**Exercise goal:** Print exactly the lines that run from the opening line of the material through the line with "diferencia-niklas luhmann-9788481642186 complejidad", and nothing else, leaving out pictures.

BEGIN

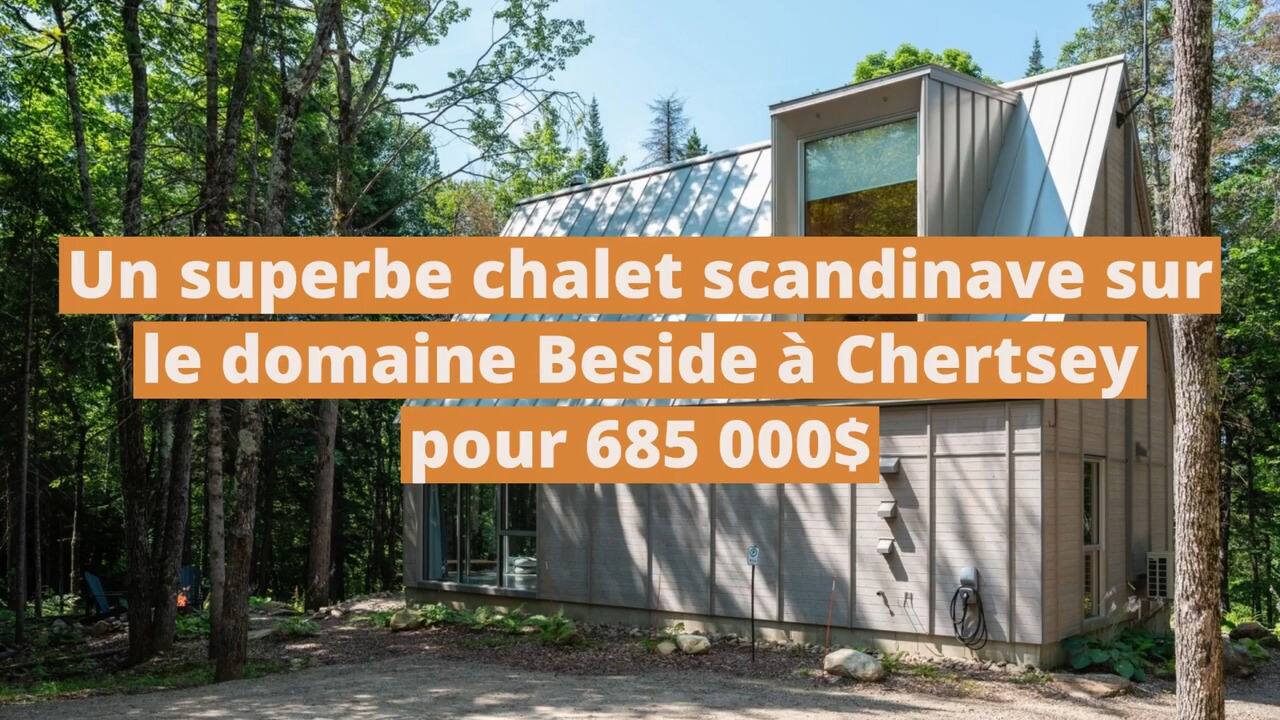 Un superbe chalet scandinave sur le domaine Beside à Chertsey pour 685 000$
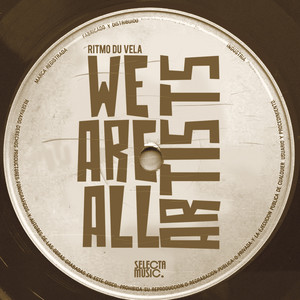 We Are All Artist (Original Mix)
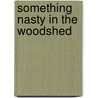 Something Nasty in the Woodshed door Kyril Bonfiglioli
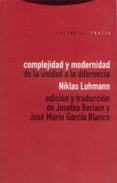 complejidad y modernidad: de la unidad a la diferencia-niklas luhmann-9788481642186 complejidad y modernidad: de la unidad a la diferencia-niklas luhmann-9788481642186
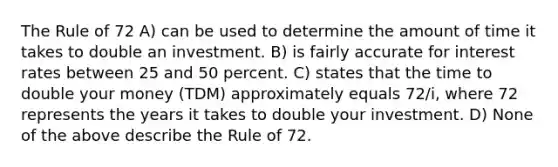 The Rule of 72 A) can be used to determine the amount of time it takes to double an investment. B) is fairly accurate for interest rates between 25 and 50 percent. C) states that the time to double your money (TDM) approximately equals 72/i, where 72 represents the years it takes to double your investment. D) None of the above describe the Rule of 72.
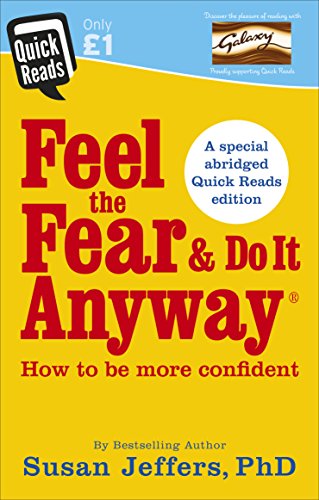 Beispielbild fr Feel the Fear and Do It Anyway : Dynamic Techniques for Turning Fear, Indecision, and Anger into Power, Action, and Love zum Verkauf von Better World Books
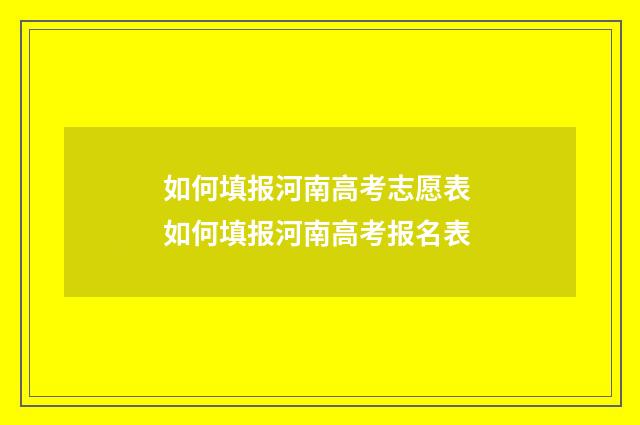 如何填报河南高考志愿表 如何填报河南高考报名表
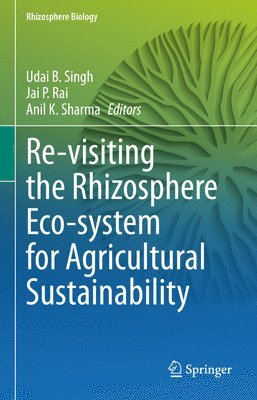 bokomslag Re-visiting the Rhizosphere Eco-system for Agricultural Sustainability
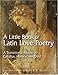 A Little Book of Latin Love Poetry: A Transitional Reader for Catullus, Horace, And Ovid (English and Latin Edition)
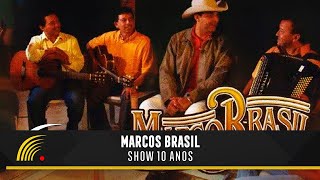 Marco Brasil - 10 Anos - Ao Vivo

END

**Exercise response:**
 Un superbe chalet scandinave sur le domaine Beside à Chertsey pour 685 000$
 We Are All Artist (Original Mix)
 Something Nasty in the Woodshed door Kyril Bonfiglioli
 complejidad y modernidad: de la unidad a la diferencia-niklas luhmann-9788481642186 complejidad y modernidad: de la unidad a la diferencia-niklas luhmann-9788481642186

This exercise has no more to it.